On the other hand, the second and third respondents had also been involved in the performance of the concession contract and had directly executed some of the obligations contained therein (such as approving the blueprints for the port construction, providing technical support or directing decisions). In addition, the decision to withdraw from the concession contract had been taken by the second and third respondents.
Conversely, the private entity may wish to commence arbitration proceedings in respect of a dispute arising out of the concession contract, against a non-signatory state entity or against the state itself. In that case, it would be for the concessionaire to show that the non-signatory state or state entity did in fact implicitly consent to arbitration. In other words, that party will have to prove that, rather than acting as part and parcel of the public law administrative supervision process, the non-signatory was driven by a contractual intent.

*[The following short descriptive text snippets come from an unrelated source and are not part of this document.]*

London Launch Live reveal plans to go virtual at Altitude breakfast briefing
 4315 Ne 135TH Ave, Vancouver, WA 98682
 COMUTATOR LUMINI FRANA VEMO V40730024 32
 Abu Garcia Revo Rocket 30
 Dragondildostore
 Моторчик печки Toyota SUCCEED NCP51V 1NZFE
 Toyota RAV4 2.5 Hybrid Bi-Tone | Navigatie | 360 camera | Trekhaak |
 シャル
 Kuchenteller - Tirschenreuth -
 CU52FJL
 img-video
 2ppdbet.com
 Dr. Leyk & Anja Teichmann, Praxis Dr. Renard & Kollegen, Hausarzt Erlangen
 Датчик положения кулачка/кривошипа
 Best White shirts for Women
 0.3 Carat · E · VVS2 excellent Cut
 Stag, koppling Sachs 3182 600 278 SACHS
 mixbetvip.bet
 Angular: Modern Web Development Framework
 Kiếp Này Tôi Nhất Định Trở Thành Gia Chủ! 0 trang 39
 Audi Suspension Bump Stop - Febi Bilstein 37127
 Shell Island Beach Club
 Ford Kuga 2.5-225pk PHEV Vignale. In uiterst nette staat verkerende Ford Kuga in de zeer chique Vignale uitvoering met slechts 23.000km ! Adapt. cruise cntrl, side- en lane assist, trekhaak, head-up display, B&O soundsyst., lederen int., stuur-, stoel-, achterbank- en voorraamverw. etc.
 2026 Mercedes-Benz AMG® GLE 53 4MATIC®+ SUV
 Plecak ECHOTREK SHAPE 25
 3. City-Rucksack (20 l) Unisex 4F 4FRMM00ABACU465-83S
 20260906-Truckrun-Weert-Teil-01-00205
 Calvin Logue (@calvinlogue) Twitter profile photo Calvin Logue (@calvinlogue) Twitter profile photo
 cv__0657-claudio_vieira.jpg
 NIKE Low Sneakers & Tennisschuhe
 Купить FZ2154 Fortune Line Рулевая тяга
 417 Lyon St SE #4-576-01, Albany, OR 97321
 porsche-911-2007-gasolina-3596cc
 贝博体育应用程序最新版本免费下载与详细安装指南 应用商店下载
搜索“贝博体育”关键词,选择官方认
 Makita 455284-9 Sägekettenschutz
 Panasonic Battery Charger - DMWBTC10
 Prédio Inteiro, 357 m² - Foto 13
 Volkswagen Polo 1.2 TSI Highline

One of the most significant recent examples in this regard is the Dallah case. A Saudi company, Dallah, entered into an agreement with a Trust established by ordinance of the Pakistani government, for the construction of accommodations for Pakistani pilgrims visiting Mecca. Not long after the conclusion of the contract, the trust ceased to exist as a legal entity. Subsequently, Dallah commenced arbitration proceedings against the government, on the basis of the arbitration clause in the agreement, which provided for ICC arbitration seated in Paris.
The tribunal asserted jurisdiction over the Pakistani government, despite the latter party's objections that it was not a signatory, and awarded Dallah approximately US$20 million in damages plus legal costs. The government thereafter sought to set aside the ensuing award in France, while Dallah sought to have the award enforced in the United Kingdom.
The Dallah award was denied enforcement successively by the High Court, the Court of Appeal and the Supreme Court. According to the Supreme Court, it had not been the common intention of Dallah, the Trust and the Pakistani government that the latter be a party to the contract.
In reaching this decision, the English courts applied French law, as the law of the seat of the arbitration, and undertook a detailed analysis of the facts. The Supreme Court noted, for instance, that, prior to the creation of the trust, Dallah had executed a memorandum of understanding with ‘the President of the Islamic Republic of Pakistan through the Ministry of Religious Affairs'. That memorandum contained a different dispute resolution clause from the one in the final agreement between Dallah and the Trust, was governed by Saudi Arabian law and contained an express waiver of sovereign immunity - unlike the agreement between Dallah and the Trust. This suggested that the parties in fact wished to exclude the government from the final agreement. In addition, the final agreement only referred to the government in its capacity as guarantor of loans to the Trust.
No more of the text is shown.